How to Choose the Right Brush for Your Watercolor Paintings
As a student of watercolor looking to grow your skills, you know that there's no substitute for experience. Time and practice are the biggest factors in developing competence in this dynamic and beautiful medium. However, as you work to log those "brush miles," you can grab advantages that will impact your art for the better and give an instant boost to your paintings.
Give your painting skills an instant boost!
One of these boosts comes from upgrading your brushes. If you've been using synthetic, general-purpose watercolor brushes, you're working with an affordable, easy choice. Synthetic brushes come in all kinds of shapes and sizes, but they have in common a "snap" in their bristles that gives a feeling of more control to new painters. New painters like control; there's an appeal to intention that determines how every brush stroke should be placed; it feels like expertise.
It's funny that as I grew my skills as a painter, control became less important. Suddenly, a brush with "snap" started to feel too predictable, my brush strokes too deliberate, almost forced. Dissatisfaction is what drives change so often for artists; we need that feeling of yearning for "something more" to push us to change and grow beyond what feels comfortable. Dissatisfaction pushed me to pull out a brush that I'd bought years before and never used, a whippy squirrel blend that had felt like a wild thing on my first try, and suddenly now felt right, creating marks that I'd never be able to plan on my own.
What's the difference between natural and synthetic paintbrushes?
There's a different feeling to a natural hair brush. Natural hair (squirrel or sable is most common) is softer than synthetic, creating more organic brush strokes. Natural hair also holds more water, delivering a longer painting time from one loaded brush. When a natural brush is loaded with paint & water, it gets this beautiful full shape that is so ready to express paint to the painting. It's a marvelous thing.
Note: If you prefer synthetic over natural for ethical considerations, there are a number of companies experimenting with softer synthetic brushes. Escoda's Versatil line is one example. (affiliate link)

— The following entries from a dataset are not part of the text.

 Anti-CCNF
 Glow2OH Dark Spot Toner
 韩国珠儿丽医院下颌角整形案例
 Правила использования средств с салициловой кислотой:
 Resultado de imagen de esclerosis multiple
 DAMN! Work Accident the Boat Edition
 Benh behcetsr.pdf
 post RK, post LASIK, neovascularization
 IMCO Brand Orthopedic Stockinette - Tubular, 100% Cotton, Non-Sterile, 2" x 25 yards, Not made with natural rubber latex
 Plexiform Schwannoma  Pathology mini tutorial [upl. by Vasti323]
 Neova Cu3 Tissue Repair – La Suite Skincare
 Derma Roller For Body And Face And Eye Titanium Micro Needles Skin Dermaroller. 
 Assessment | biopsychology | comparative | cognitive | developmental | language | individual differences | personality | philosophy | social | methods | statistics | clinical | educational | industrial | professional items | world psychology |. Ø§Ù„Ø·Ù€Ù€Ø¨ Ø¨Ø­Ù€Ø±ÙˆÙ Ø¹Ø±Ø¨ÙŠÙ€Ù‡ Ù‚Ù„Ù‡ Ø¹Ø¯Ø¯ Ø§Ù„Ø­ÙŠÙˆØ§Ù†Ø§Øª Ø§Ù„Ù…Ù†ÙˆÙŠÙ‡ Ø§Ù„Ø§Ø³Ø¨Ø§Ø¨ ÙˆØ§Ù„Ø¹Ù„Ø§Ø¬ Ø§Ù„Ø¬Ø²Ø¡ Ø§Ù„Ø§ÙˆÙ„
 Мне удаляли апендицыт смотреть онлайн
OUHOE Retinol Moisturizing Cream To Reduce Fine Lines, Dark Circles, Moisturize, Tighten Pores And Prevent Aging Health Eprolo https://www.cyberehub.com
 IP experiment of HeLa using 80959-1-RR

Caring for your watercolor brushes
How a brush wears will be different depending on whether it's natural or synthetic. A natural hair brush is more susceptible to wear, and a round brush that starts out with a fine point will grow more rounded as the hairs wear down with use. A synthetic brush will usually wear more slowly, and the bristles sometimes fray and develop a fuzzy split end instead. Cheaper brushes are also more likely to loosen around the ferrule (the metal sleeve that holds the bristles).
Brushes should never be left standing in paint water as that will bend the tips and also cause the wooden brush handle to absorb water and swell, causing a chain reaction of damage to handle, ferrule and bristles.
Watercolour brushes shouldn't be cleaned with harsh soap. Natural hair brushes have oils that can be stripped away with strong soap and dry out the bristles. (Escoda makes an olive oil soap just for brush cleaning.)
Don't overfill your water containers. The top part of the ferrule should not be submerged in water as water that lingers between ferrule and handle will damage the brush.
Don't overload your brush with fresh paint. PIgment embedded in the base of the brush is not only wasted, it will push the brush hairs apart and loosen the bristles.
Pre-moisten your palette paint before painting. Trying to loosen hard, dry paint will wear a brush tip more quickly. Misting your palette will loosen the paint on the surface to make it easier for the brush to grab paint.
Leave brushes flat to dry. Store upright after they are dried completely in a pencil cup or in a brush roll.
The plastic tube that protects your brush when new is not intended for re-use, there's a risk that in trying to re-insert it you will bend the bristles back and damage the brush.
How do I know what brush to choose?
As you explore the very wide world of watercolour brushes, you have decisions to make. Shape, size and materials will all impact the way the brush works, and what works for one artist won't necessarily feel comfortable for you. Start by making a small change; try a natural hair brush in the same size and shape as your favourite brush, or try a new shape in your favourite brand so that the shape is different, but the feel is still the same.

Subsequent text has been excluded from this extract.